I found an interesting problem, but I couldn't find someone who solved it like I did, so I am asking if I've gone wrong somewhere.
Let $S \subseteq R$ be nonempty. Prove that if a number $u$ in $R$ has the properties:
(i) for every $n \in N$ the number $u - \frac{1}{n} $ is not an upper bound of S, and
(ii) for every number $n \in N$ the number $u + \frac{1}{n}$ In is an upper bound of S,
then u = sup S.
Now notice that this is an implication, $(i) \land(ii) \implies u =$ sup S. So I used the contrapositive to prove it:
$ u \neq$ sup S $ \implies \lnot(i) \lor \lnot(ii)$
This is what I did:
Notice that (i) is the same as saying: for every $n \in N$, there exits an $s \in S$ such that $ u - \frac{1}{n} < s$.
The negation of (i) is : there exits a natural number $n$ such that for all $s \in S$ we have $u-\frac{1}{n} \geq s $.

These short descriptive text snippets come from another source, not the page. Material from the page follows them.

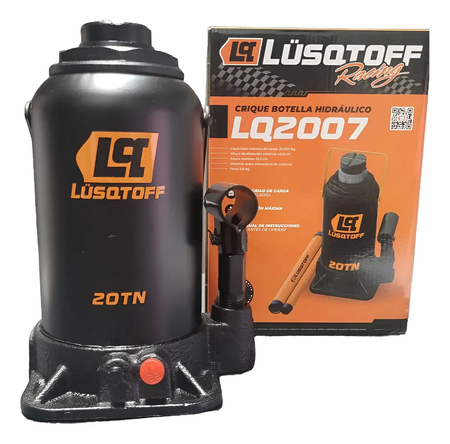 Crique Hidraulico Botella 20tn Lusqtoff Lq2007 Hasta 44,5cm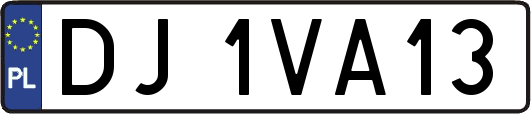 DJ1VA13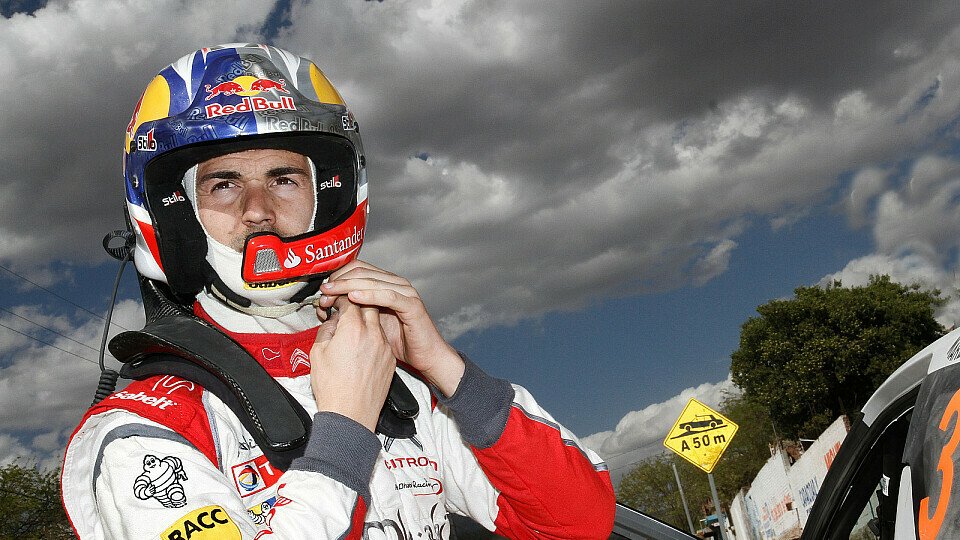 Dani Sordo muss den Citroen DS3 WRC besser verstehen, Foto: Citroen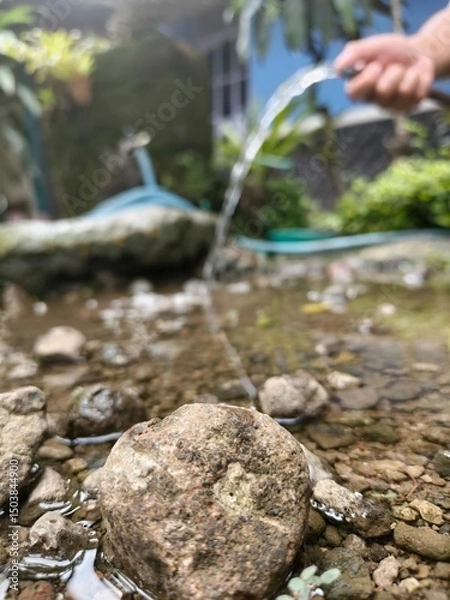 Obraz Rock and wather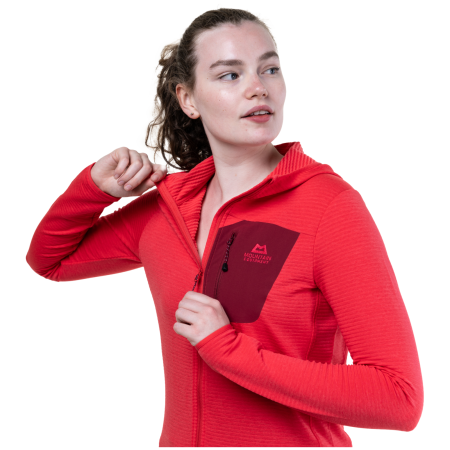 Sudadera de mujer Mountain Equipment Lumiko Hooded Wmns Jacket
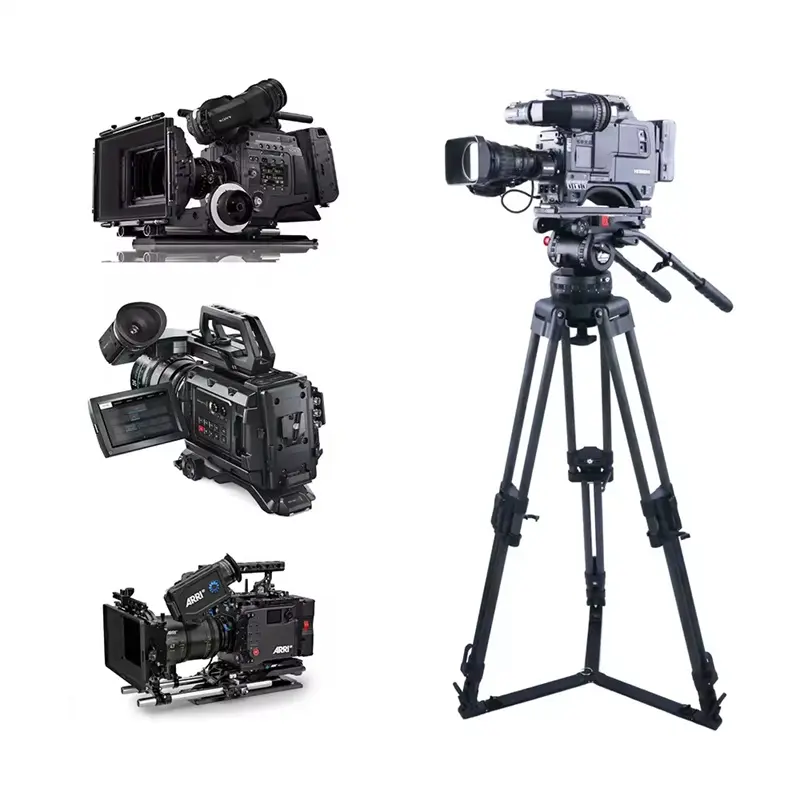 Cine 30 Fluid Head EFP150 Carbon Fiber Tripod System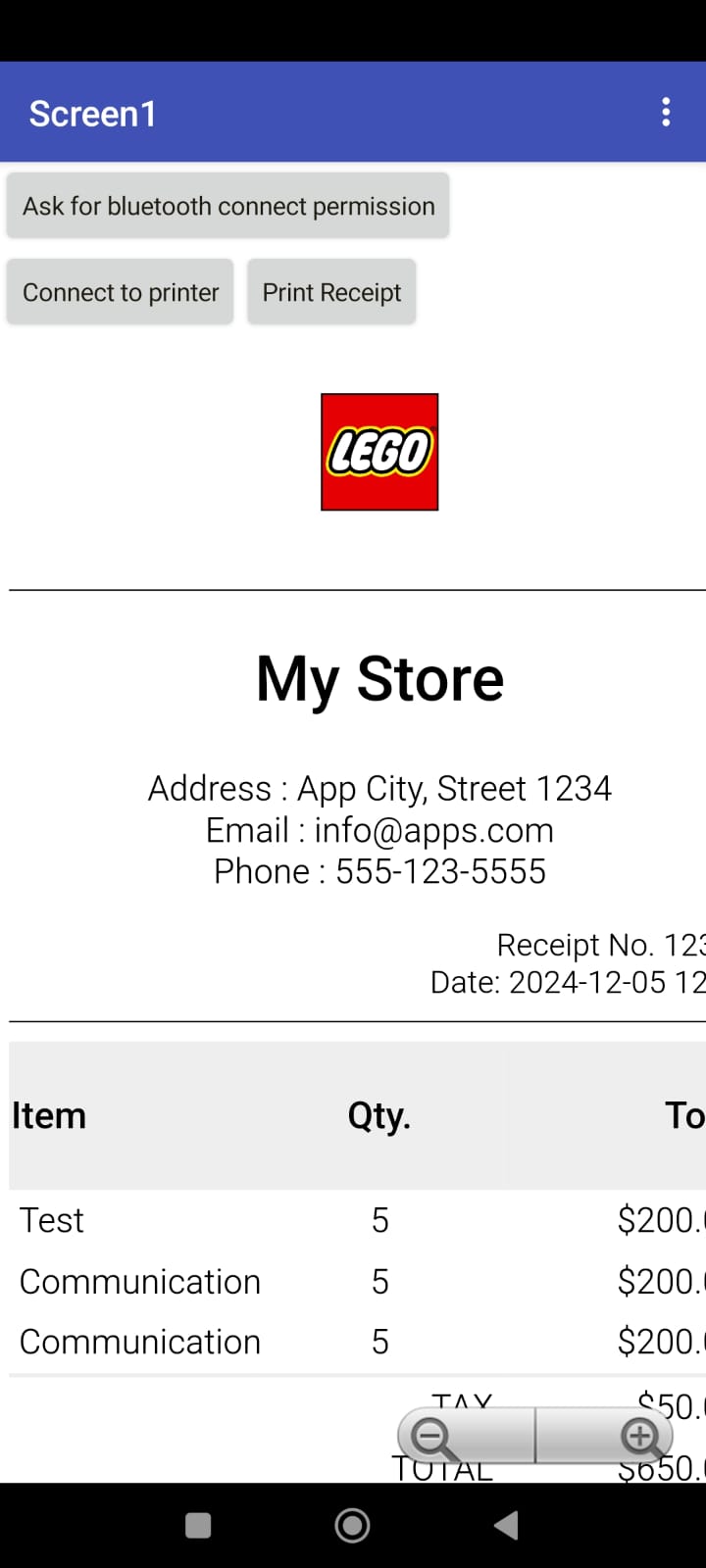 [PAID] Receipt Builder for ESC/POS Thermal printing - Extensions ...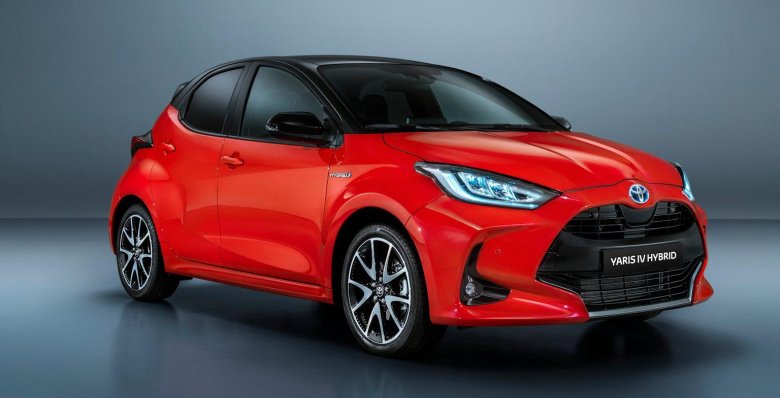 2020 toyota yaris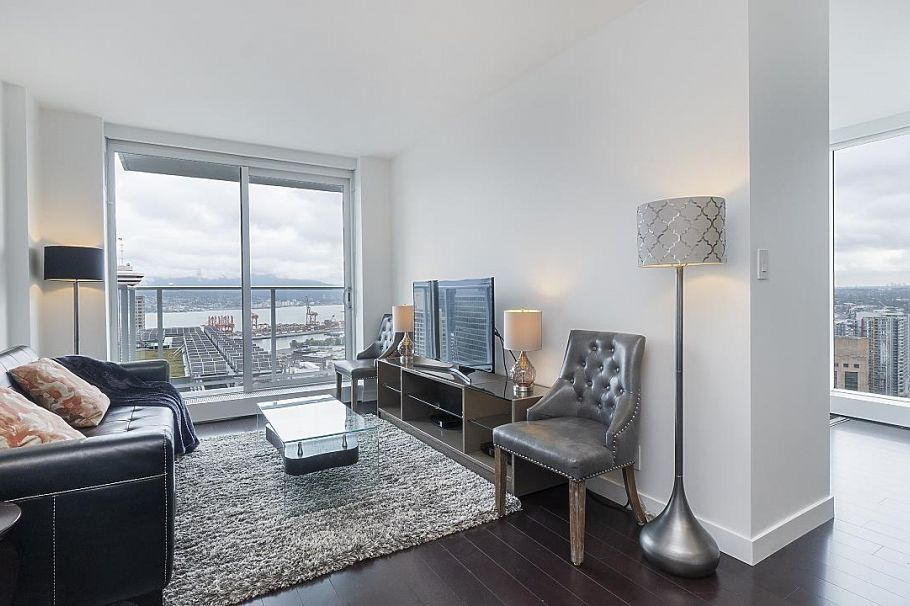 4007 777 Richards Street Vancouver, BC - 6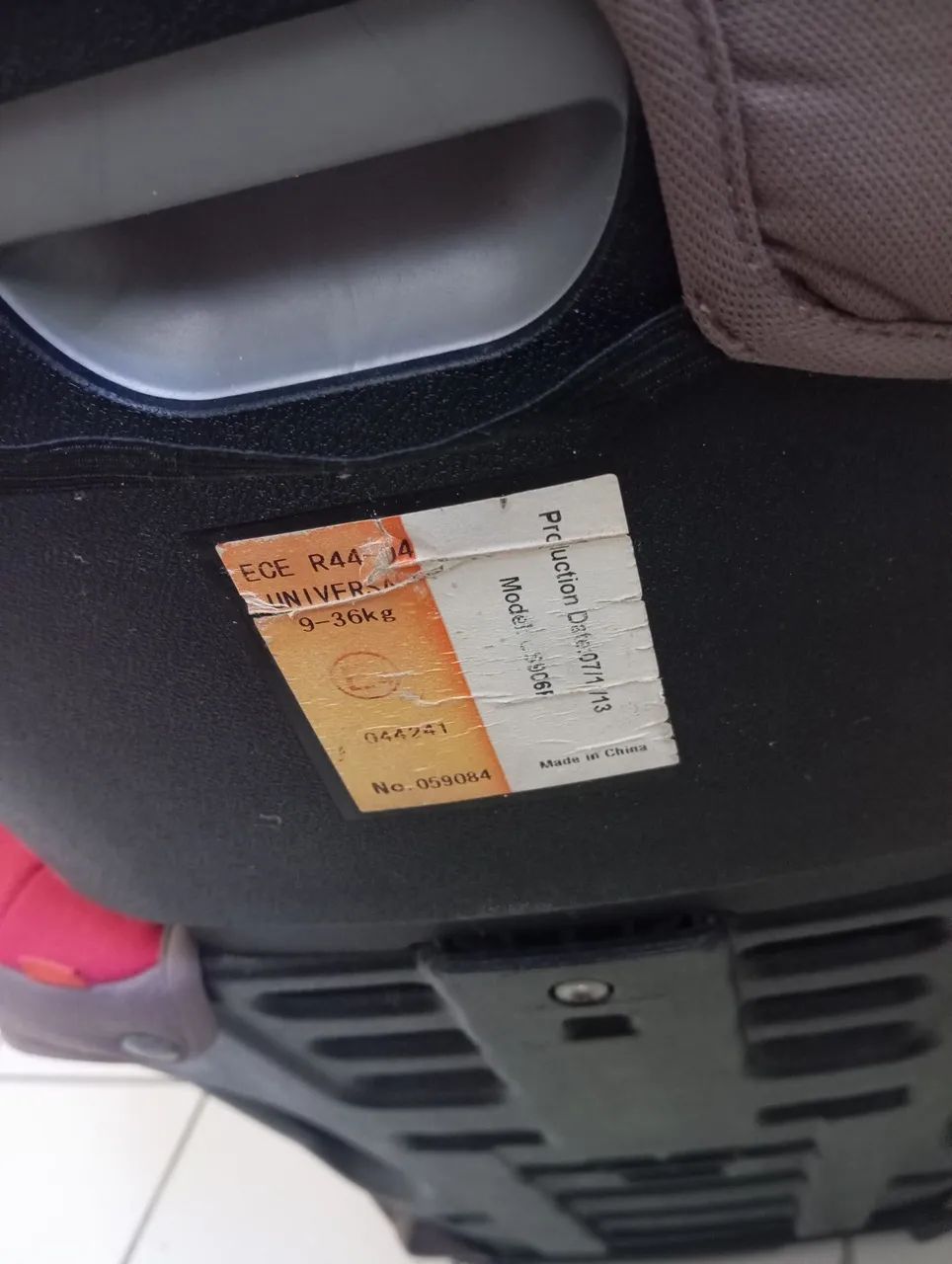 vendo cadeirinha de carro, da marca Cosco  - Foto 4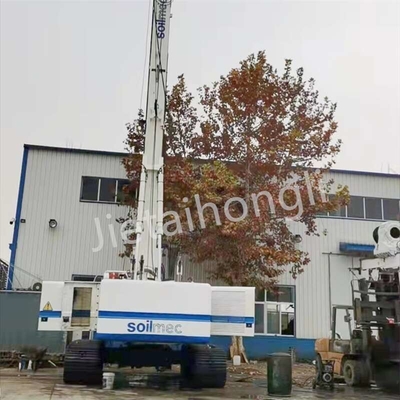 Soilmec R-516 / SR70 प्रयुक्त रोटरी ड्रिलिंग रिग अर्थ ड्रिल हाइड्रोलिक पाइलिंग रिग मशीन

Simply solve the inequality $u-\frac{1}{n} \geq $ sup S for $n$, we get $ n \geq \frac{1}{u-sup S}$.
And since $ u \neq$ sup S the donaminator is not zero. The Archimedian property garantees the existence of this $n$.
As for (ii), the negation is: there exits a natural $n$ and an $s \in S$ such that $ u + \frac{1}{n} \leq s$ .
Since $u$ is not the upper bound, there exists an $s' \in S$ such that $s' > u$. So we solve the inequality $ u + \frac{1}{n} \leq s'$ for $n$, we obtain $n \geq \frac{1}{s'-u}$.
By the Archimedean property such $n$ exits.
And I am done with the proof.